Note 765: Indè ruinæ maximæ modo, jumenta cum oneribus devolvebantur.
Tit. Liv. l. XXI, c. 33.—Polyb. l. III, p. 205.

Annibal, témoin de ce désordre, n'en resta pas moins quelque temps sur la hauteur avec son détachement, dans la crainte d'augmenter encore la confusion; pourtant, quand il vit ses troupes coupées, et le risque qu'il courait de perdre ses bagages, ce qui eût infailliblement entraîné la ruine de l'armée entière, il se décida à descendre, et du premier choc il eut bientôt balayé le sentier. Toutefois il ne put exécuter ce mouvement sans jeter un nouveau trouble dans la marche tumultueuse de ses troupes; mais du moment que les chemins eurent été dégagés par la retraite des montagnards, l'ordre se rétablit, et ensuite l'armée carthaginoise défila si tranquillement, qu'à peine entendait-on quelques voix de loin en loin. Annibal prit d'assaut le village fortifié qui servait de retraite aux montagnards, et plusieurs bourgades environnantes; le bétail qu'il y trouva nourrit son armée durant trois jours, et comme la route devenait meilleure et que les indigènes étaient frappés de crainte, ces trois jours se passèrent sans accident[766].

Note 766: Polyb. l. III, p. 205.—Tit. Liv. l. XXI, c. 33.

Le quatrième, il arriva chez une autre peuplade fort nombreuse pour un pays de montagnes[767]; au lieu de lui faire guerre ouverte, celle-ci l'attaqua par la ruse; et, pour la seconde fois, le Carthaginois faillit succomber. Des chefs et des vieillards députés par ce peuple vinrent le trouver, portant en signe de paix des couronnes et des rameaux d'olivier[768], et lui dirent: «que le malheur d'autrui étant pour eux une utile leçon, ils aimaient mieux éprouver l'amitié que la valeur des Carthaginois, et que, prêts à exécuter ponctuellement tout ce qui leur serait commandé, ils lui offraient des vivres et des guides pour sa route[769].» En garantie de leur foi, ils lui remirent des otages.

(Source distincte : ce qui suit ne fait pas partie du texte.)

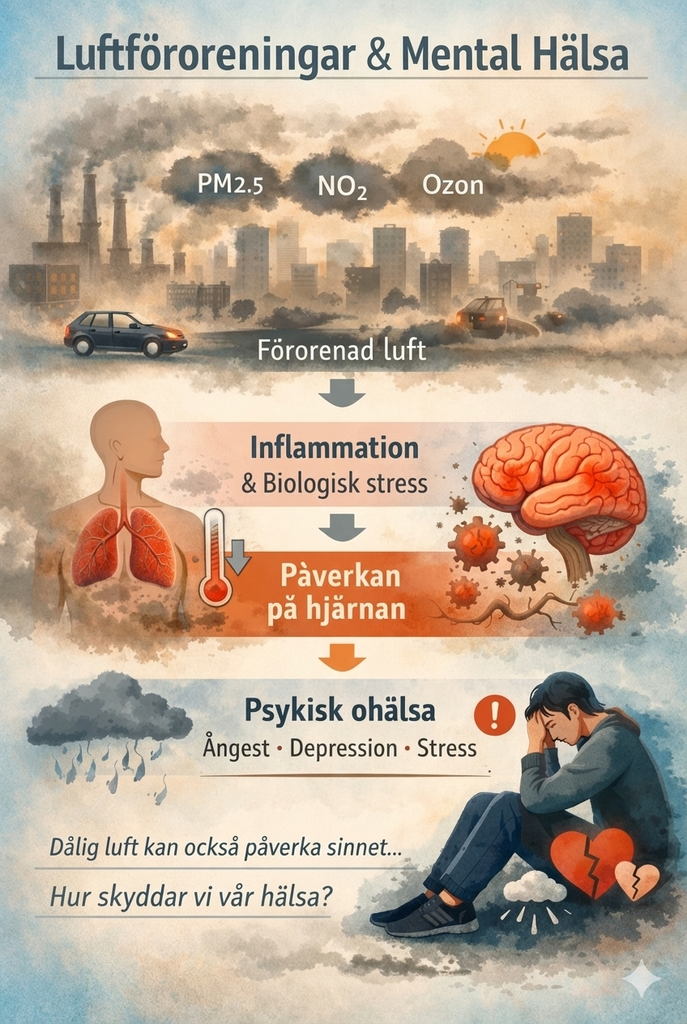 Hur luftföroreningar kan påverka din mentala hälsa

Annibal, sans leur donner une confiance aveugle, ne voulut pas, en repoussant leurs offres, s'en faire des ennemis déclarés, et leur répondit obligeamment; il accepta les otages qu'ils lui livraient, les provisions qu'ils avaient eux-mêmes apportées sur la route; mais bien loin de se croire avec des amis sûrs, il ne se mit à la suite de leurs guides, qu'après avoir pris toutes les précautions que sa prudence ingénieuse put imaginer. Il plaça à son avant-garde la cavalerie et les éléphans, dont la vue, toute nouvelle dans ces montagnes, en effarouchait les sauvages habitans: il se chargea de conduire en personne l'arrière-garde avec l'élite de l'infanterie; on le voyait s'avancer lentement, pourvoyant à tout, et portant autour de lui des regards inquiets et attentifs. Arrivé à un chemin étroit que dominaient les escarpemens d'une haute montagne, il fut assailli brusquement par les montagnards qui l'attaquèrent tout à la fois en tête, en queue et sur les flancs; ils réussirent à couper son armée et à s'établir eux-mêmes sur le chemin, de sorte qu'Annibal passa une nuit entière séparé de ses bagages et de sa cavalerie[770].

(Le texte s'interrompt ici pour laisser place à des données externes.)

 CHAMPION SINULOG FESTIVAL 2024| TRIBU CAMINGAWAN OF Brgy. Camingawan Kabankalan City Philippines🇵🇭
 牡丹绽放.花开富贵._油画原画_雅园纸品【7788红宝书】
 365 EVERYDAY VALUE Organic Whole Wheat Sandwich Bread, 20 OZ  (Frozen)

Note 767: Perventum indè ad frequentem cultoribus alium, ut inter
montana populum. Tit. Liv. l. XXI, c. 34.

Note 768: Συμφρονήσαντες έπί δόλω, συνήντων αύτψ
θαλλούς έχοντες καί στεφάνους. Polyb. l. III, p. 205.

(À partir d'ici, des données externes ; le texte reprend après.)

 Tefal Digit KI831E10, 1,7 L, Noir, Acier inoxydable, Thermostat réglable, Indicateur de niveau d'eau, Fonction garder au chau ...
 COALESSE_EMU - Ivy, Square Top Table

Note 769: Alienis malis, utili exemplo doctos… amicitiam malle quàm vim experiri Pœnorum: itaque obedienter imperata facturos; commeatum itinerisque duces… acciperet. Tit. Liv. l. XXI, c. 34. —Polyb. l. III, l. c.

Note 770: Occursantes per obliqua montani, perrupto medio agmine viam insedêre: noxque una Annibali sine equitibus ac impedimentis acta est. Tit. Liv. l. XXI, c. 34.—Polyb. l. c.